There are a number of treatments for post-traumatic stress (PTSD) that have been shown to be moderately effective. Included among these are prolonged exposure, eye movement desensitization, and cognitive processing therapy (CPT). However, there are elements of these treatments that have made them less than desirable in the clinical community. For instance, they are driven by outcome rather than progress, require a specific number of sessions and are rigid in nature, allowing little room for deviation from their set protocols. The result of these stringent guidelines is a less than optimal client adherence rate and an even less attractive clinician adoption rate.
Tara Galovski of the University of Missouri at St. Louis theorized that perhaps modifying the standard CPT would make it more appealing to clinicians and more beneficial to clients. To test her theory, Galovski enrolled 100 participants with PTSD into the a modified version of CPT (MCPT) or a symptom measured delayed treatment (SMDT), all delivered by novice, rather than expertly trained, clinicians. The unique aspects of the MCPT, which allowed for longer or shorter treatment durations, insertion of stressor sessions to address symptoms as needed, and a protocol designed to focus on progress rather than outcome, proved to be quite effective at decreasing symptoms of PTSD in the participants.

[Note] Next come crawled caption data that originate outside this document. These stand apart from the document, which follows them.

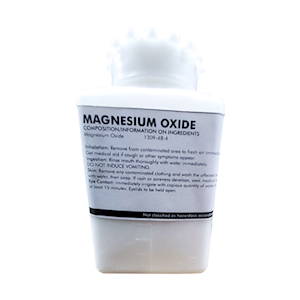 Magnesium Oxide (Light), Analytical Grade, 500g, Each Each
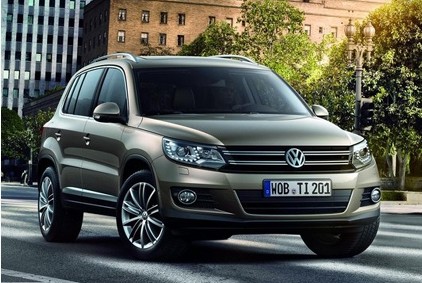 上海大眾 途觀 風尚版 1.8TSI 手自一體 四驅 2012款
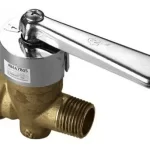 LLave gas bronce sin campana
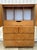 Refinished Mid-Century Modern Burl Wood Highboy Dresser in a Milo Baughman Style by Lane Altavista. Circa 1970s For Sale - Image 10 of 18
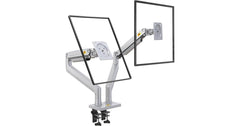 NB North Bayou G32 22" to 32" Adjustable Dual Monitor Stand Gas-Spring Desk Mount (2-15kgs)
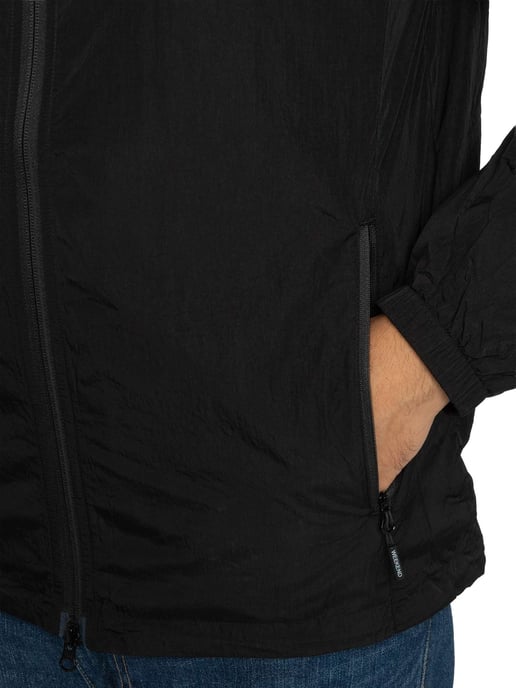 Weekend Offender Techniker-Gesichtsmaskenjacke, Schwarz - Image 4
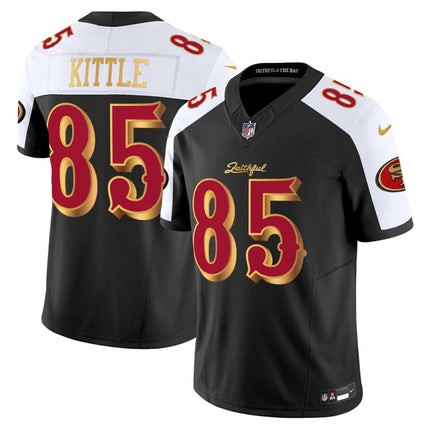 Men's San Francisco 49ers 2025 “Rivalries” Vapor Limited Jersey V2 - All Stitched SF49_KDZ - KINDOZY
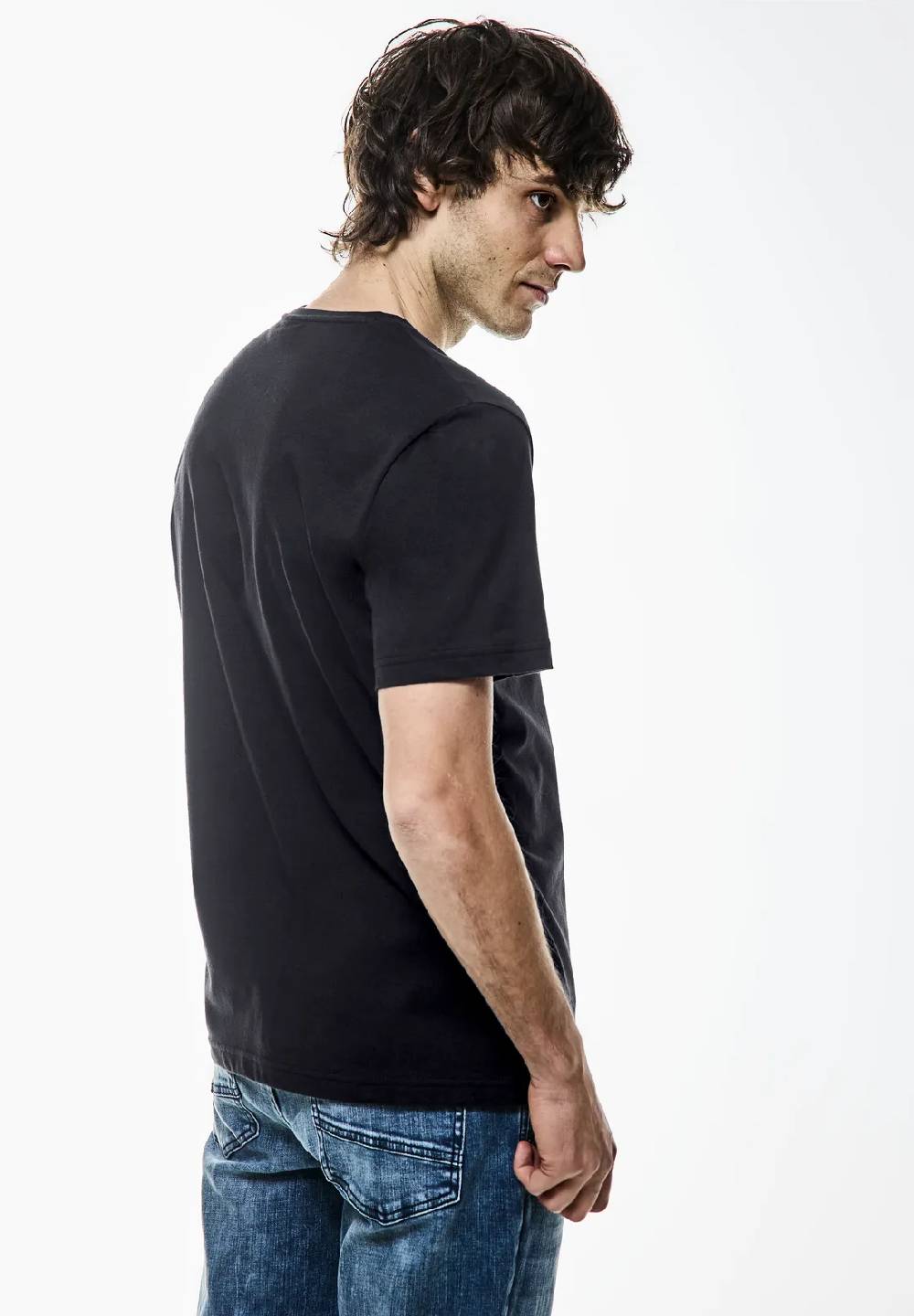 Street One Basic V-Neck T-Shirt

Overall, Galovski found that the MCPT participants had lower levels of depression and PTSD upon completion when compared to the SMDT participants. Additionally, secondary symptoms of well-being, guilt, physical health appraisals, and general functioning also improved. She also discovered that over half of the participants reached positive outcome scores well before the traditional 12th session. Those who didn’t saw improvement with maintenance sessions that continued after the 12th session. These gains were maintained at the three month follow-up assessment. Galovski believes that this modified and more flexible version of CPT meets the needs of the clients and clinicians more comprehensively than some of the more traditional and fixed approaches. For individuals with PTSD who have not had success with existing treatment methods, MCPT may be a viable alternative. “Additionally, for those survivors who may not realize an early or efficient response, continuing the course of therapy may result in continued and substantial gains,” said Galovski.
Galovski, Tara E., Leah M. Blain, Lisa Elwood, Juliette M. Mott, and Timothy Houle. Manualized therapy for PTSD: Flexing the structure of cognitive processing therapy. Journal of Consulting & Clinical Psychology 80.6 (2012): 968-81. Print.